Recorded data:
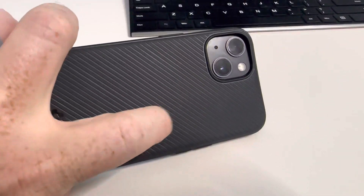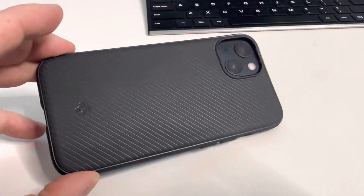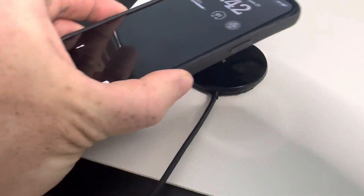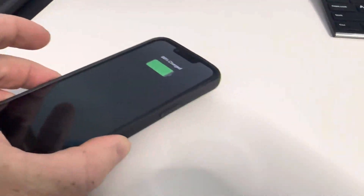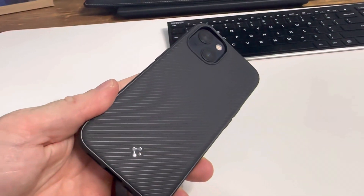What I like about this is most MagBack cases have a circle right here, but this one has a nice clean diagonal stripe pattern, which I think looks really nice. When we hook it up to a MagBack device, you can see it clicks right on, stays secure, and charges. Really great case — looks nice, works well. I like it a lot.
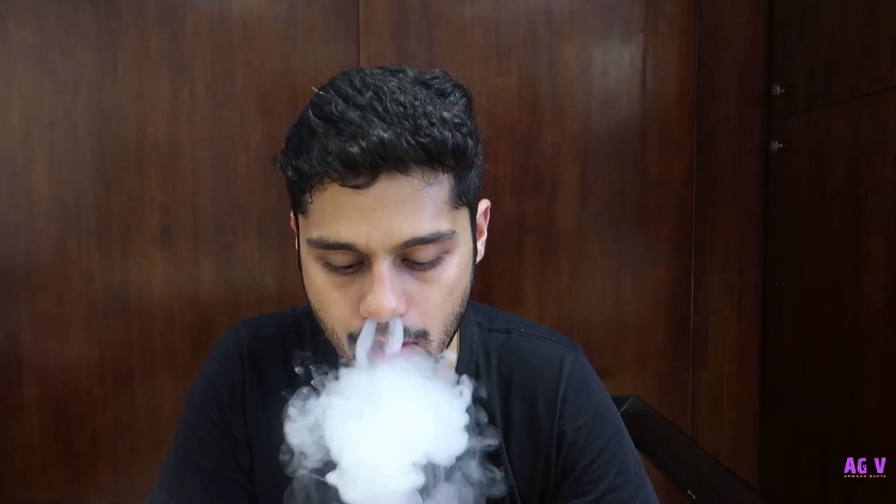So now we've just unboxed the eLeaf iCare and tried answering the most common question when it comes to vaping in India — the cheapest device possible which will also help you quit. It's also available on our website, both online and offline stores with Vape Dynasty India. You will get all the details in the description. We have the black and the white options in this.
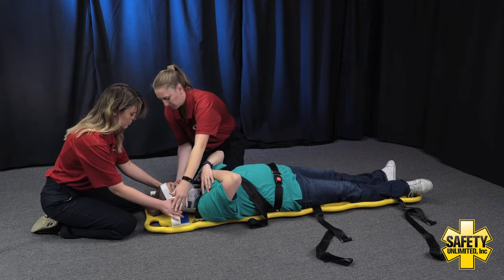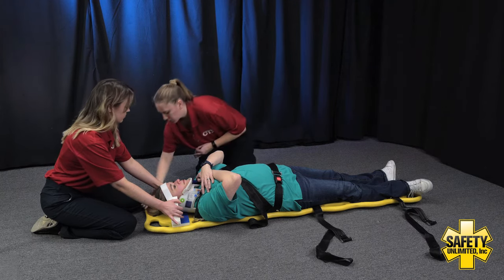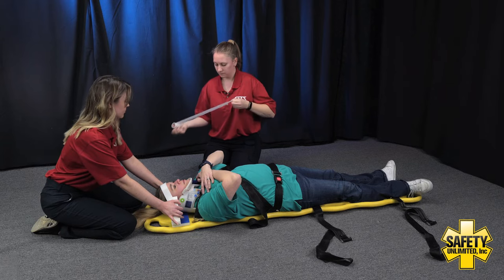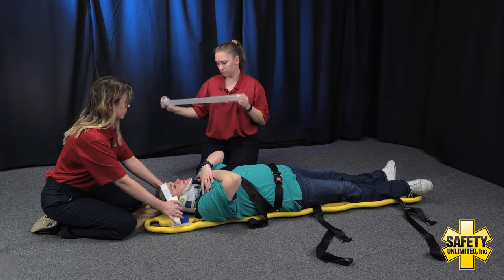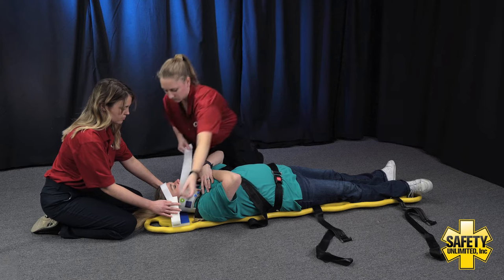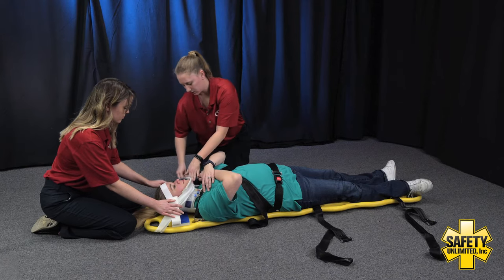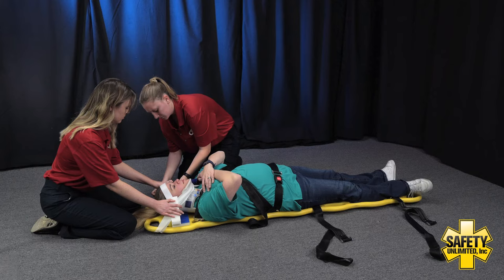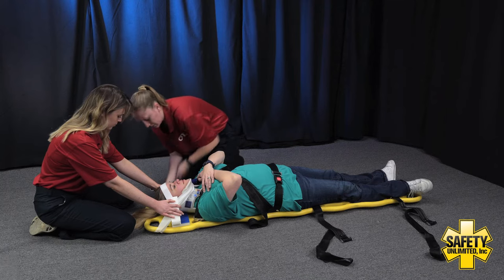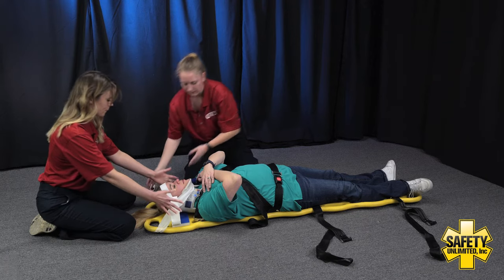Go ahead and replace your hands with mine and hold on those blocks again. Now we're going to take our two inch tape and go up underneath the chin to the top portion of the board. Go ahead and remove your hand. I'm going to go up under the chin here and tape it to the other end of the board. My EMT assistant can now go ahead and let go of the manual stabilization. Now that the head is fully secured, we're going to go down to the legs.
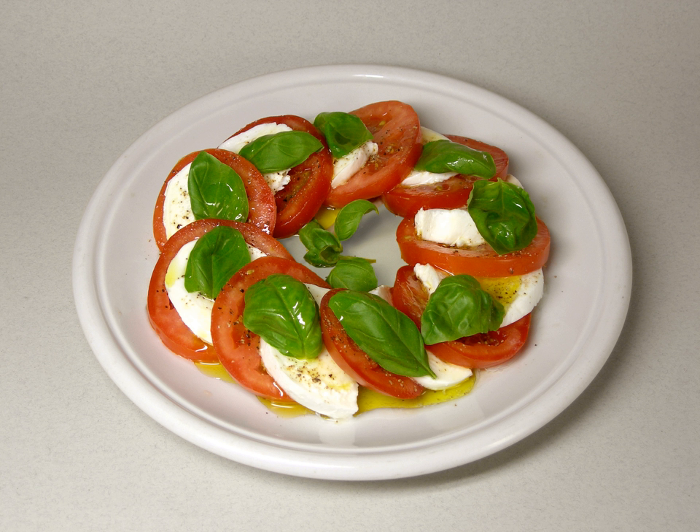Caprese salad, Italian insalata caprese, is a simple Italian salad made of sliced fresh mozzarella, tomatoes, and sweet basil, seasoned with salt and olive oil. It is usually arranged on a plate in restaurant practice.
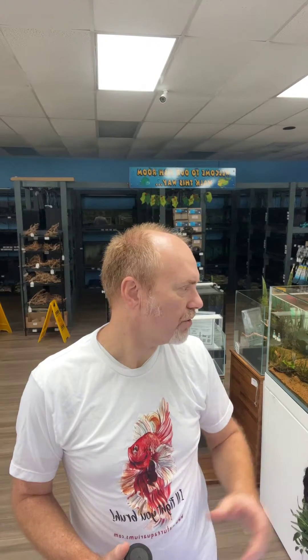Hi there. Welcome to another episode of Nature Aquariums USA how-to videos. Remember to like, share, and subscribe to our channel so you can always stay up to date with our latest videos. In today's video, we're going to discuss how we fertilize our planted aquarium tanks, and we have quite an easy way to do this. I want to show you here on our display tank — this is before the store is open, that's why you see everything else is turned off behind us.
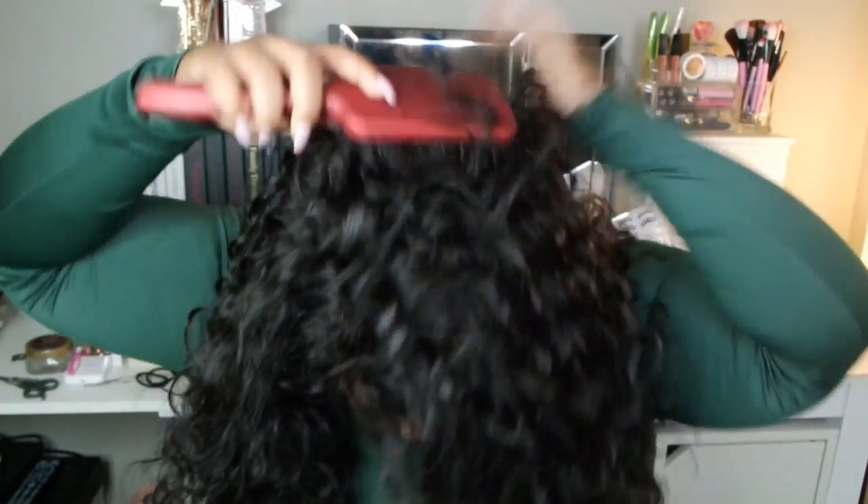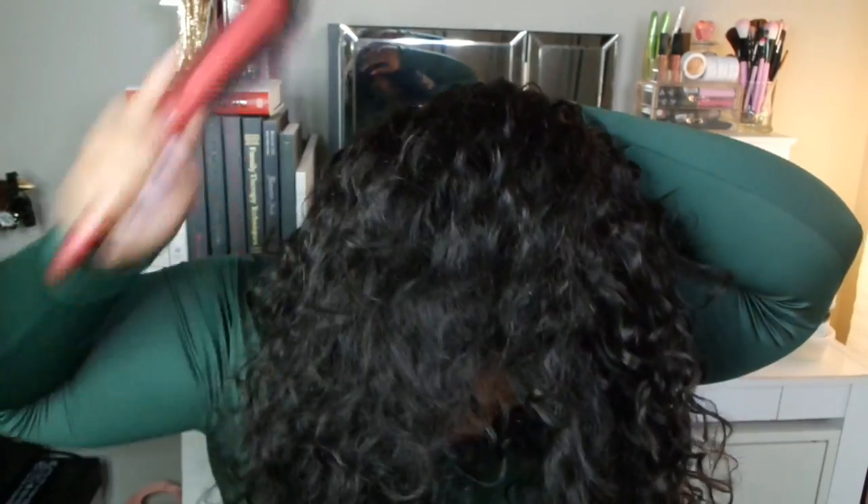I'm going to take my paddle brush and brush it all up. And yes, hair is falling out because I cut some off.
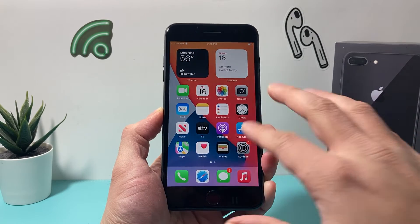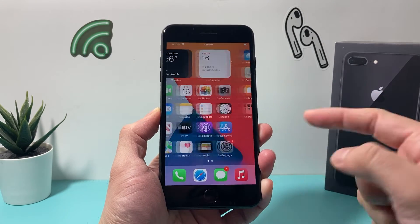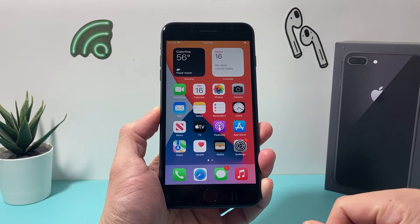Hey guys, TechnoMenture here. In today's video, we're going to show you how to force restart your iPhone 8 Plus.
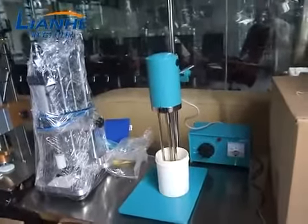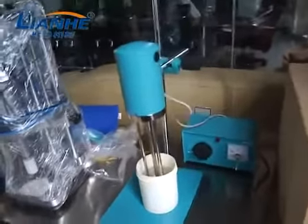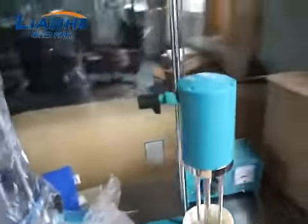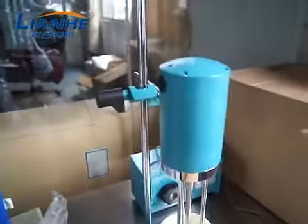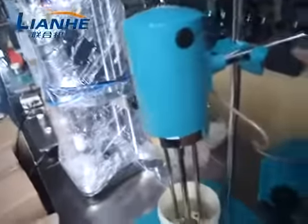And now we are going to test this lap homogenizer. You can adjust the height of the homogenizer in this part, and the position of this homogenizer in this part.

> _Work item_
The answer must consist solely of the lines from the first line of the records through the line containing "Caprese salad, Italian", reproduced exactly and without the pictures.

> _Answer section_
What I like about this is most MagBack cases have a circle right here, but this one has a nice clean diagonal stripe pattern, which I think looks really nice. When we hook it up to a MagBack device, you can see it clicks right on, stays secure, and charges. Really great case — looks nice, works well. I like it a lot.
So now we've just unboxed the eLeaf iCare and tried answering the most common question when it comes to vaping in India — the cheapest device possible which will also help you quit. It's also available on our website, both online and offline stores with Vape Dynasty India. You will get all the details in the description. We have the black and the white options in this.
Go ahead and replace your hands with mine and hold on those blocks again. Now we're going to take our two inch tape and go up underneath the chin to the top portion of the board. Go ahead and remove your hand. I'm going to go up under the chin here and tape it to the other end of the board. My EMT assistant can now go ahead and let go of the manual stabilization. Now that the head is fully secured, we're going to go down to the legs.
Caprese salad, Italian insalata caprese, is a simple Italian salad made of sliced fresh mozzarella, tomatoes, and sweet basil, seasoned with salt and olive oil. It is usually arranged on a plate in restaurant practice.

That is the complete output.